Die auf die treuhänderische Beteiligung an der B‑KG entfallende Einkommensteuer ‑für den Zeitraum vom 15.03.2010 bis zum 31.12.2010- stellt eine Masseverbindlichkeit i.S. des § 55 Abs. 1 Nr. 1 Halbsatz 2 InsO dar.
Die Bindungswirkung der Feststellungsbescheide erstreckt sich nicht auf § 55 Abs. 1 InsO. Die tatbestandlichen Voraussetzungen dieser insolvenzrechtlichen Vorschrift sind im Einkommensteuerverfahren eigenständig zu prüfen.
Entscheidend für die Qualifikation der Einkommensteuerschulden als Masseverbindlichkeiten ist im Streitfall -§ 55 Abs. 1 Nrn. 2 und 3 InsO sind offensichtlich nicht einschlägig‑, ob die Voraussetzungen des § 55 Abs. 1 Nr. 1 InsO gegeben sind. Danach sind Masseverbindlichkeiten die Verbindlichkeiten, die durch Handlungen des Insolvenzverwalters oder in anderer Weise durch die Verwaltung, Verwertung und Verteilung der Insolvenzmasse begründet werden, ohne zu den Kosten des Insolvenzverfahrens zu gehören. Vorliegend sind die Tatbestandsmerkmale des § 55 Abs. 1 Nr. 1 Halbsatz 2 InsO erfüllt.

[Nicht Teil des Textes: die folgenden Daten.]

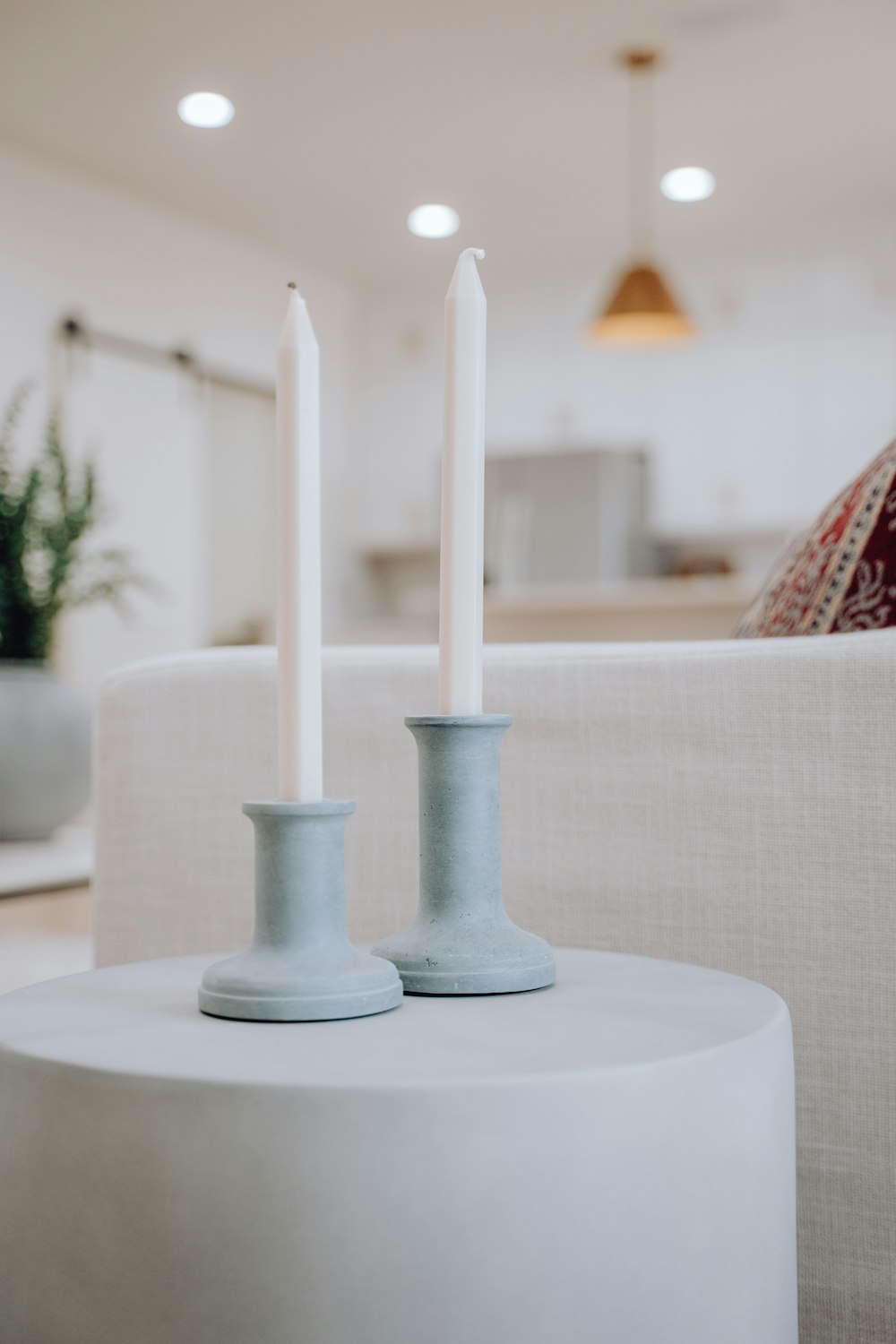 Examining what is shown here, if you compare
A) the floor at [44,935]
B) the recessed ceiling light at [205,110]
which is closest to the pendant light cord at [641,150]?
the recessed ceiling light at [205,110]

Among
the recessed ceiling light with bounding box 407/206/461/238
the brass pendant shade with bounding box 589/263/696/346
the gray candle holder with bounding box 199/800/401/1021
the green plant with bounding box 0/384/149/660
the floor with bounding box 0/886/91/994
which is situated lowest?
the floor with bounding box 0/886/91/994

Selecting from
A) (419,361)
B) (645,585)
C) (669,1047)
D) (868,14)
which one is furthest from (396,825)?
(419,361)

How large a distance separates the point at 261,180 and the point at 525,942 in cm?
507

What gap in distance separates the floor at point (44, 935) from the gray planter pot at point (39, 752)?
0.34 metres

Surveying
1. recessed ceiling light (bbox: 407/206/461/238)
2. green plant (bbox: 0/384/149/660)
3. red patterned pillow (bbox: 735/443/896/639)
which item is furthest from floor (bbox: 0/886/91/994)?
recessed ceiling light (bbox: 407/206/461/238)

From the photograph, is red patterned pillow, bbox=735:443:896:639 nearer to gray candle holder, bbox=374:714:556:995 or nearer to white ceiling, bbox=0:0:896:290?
gray candle holder, bbox=374:714:556:995

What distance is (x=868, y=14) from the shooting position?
382 cm

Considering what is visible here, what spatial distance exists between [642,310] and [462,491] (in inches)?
143

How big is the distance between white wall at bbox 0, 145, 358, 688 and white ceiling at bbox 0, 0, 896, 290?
0.16m

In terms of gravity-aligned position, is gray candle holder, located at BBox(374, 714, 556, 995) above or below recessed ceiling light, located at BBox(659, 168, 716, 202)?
below

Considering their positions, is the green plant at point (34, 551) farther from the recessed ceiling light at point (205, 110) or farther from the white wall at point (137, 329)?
the white wall at point (137, 329)

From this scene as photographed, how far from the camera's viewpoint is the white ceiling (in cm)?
387

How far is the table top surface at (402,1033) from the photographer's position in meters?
0.44

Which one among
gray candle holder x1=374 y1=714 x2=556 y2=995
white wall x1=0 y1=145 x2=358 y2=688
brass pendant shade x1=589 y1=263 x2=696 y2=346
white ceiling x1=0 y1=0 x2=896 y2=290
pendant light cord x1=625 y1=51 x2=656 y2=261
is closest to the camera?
gray candle holder x1=374 y1=714 x2=556 y2=995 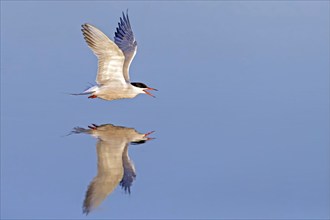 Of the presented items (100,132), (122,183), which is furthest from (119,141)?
(122,183)

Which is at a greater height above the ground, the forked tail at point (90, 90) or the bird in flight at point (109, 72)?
the bird in flight at point (109, 72)

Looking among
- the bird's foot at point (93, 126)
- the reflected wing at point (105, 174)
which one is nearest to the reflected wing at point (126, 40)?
the bird's foot at point (93, 126)

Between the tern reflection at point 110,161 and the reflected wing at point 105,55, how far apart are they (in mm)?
926

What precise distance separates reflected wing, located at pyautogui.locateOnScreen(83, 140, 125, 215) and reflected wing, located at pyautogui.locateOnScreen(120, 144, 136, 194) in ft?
0.08

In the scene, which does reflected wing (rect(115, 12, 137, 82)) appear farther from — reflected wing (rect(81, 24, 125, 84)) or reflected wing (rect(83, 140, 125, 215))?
reflected wing (rect(83, 140, 125, 215))

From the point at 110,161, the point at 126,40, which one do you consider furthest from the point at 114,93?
the point at 110,161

Die in Rede stehenden Einkünfte des Insolvenzschuldners an der B‑KG fielen in die Insolvenzmasse.
Gemäß § 35 Abs. 1 InsO erfasst das Insolvenzverfahren das gesamte Vermögen, das dem Schuldner zur Zeit der Eröffnung des Insolvenzverfahrens gehört und das er während des Verfahrens erlangt (Insolvenzmasse).
Im Streitfall umfasste das Vermögen ‑wie das Finanzgericht zutreffend erkannt hat- nicht nur das Recht auf Annahme des von den Treuhändern notariell beurkundeten Abtretungsangebots, sondern im Streitjahr 2010 vor allem auch den Anspruch auf Herausgabe des Erlangten (der Gewinnanteile der Treuhandkommanditisten an der B‑KG). Denn die Gewinne waren nach der Eröffnung des Insolvenzverfahrens entstanden und damit Teil der Insolvenzmasse, da der Insolvenzverwalter diesbezüglich keine Freigabe erklärt hatte[1].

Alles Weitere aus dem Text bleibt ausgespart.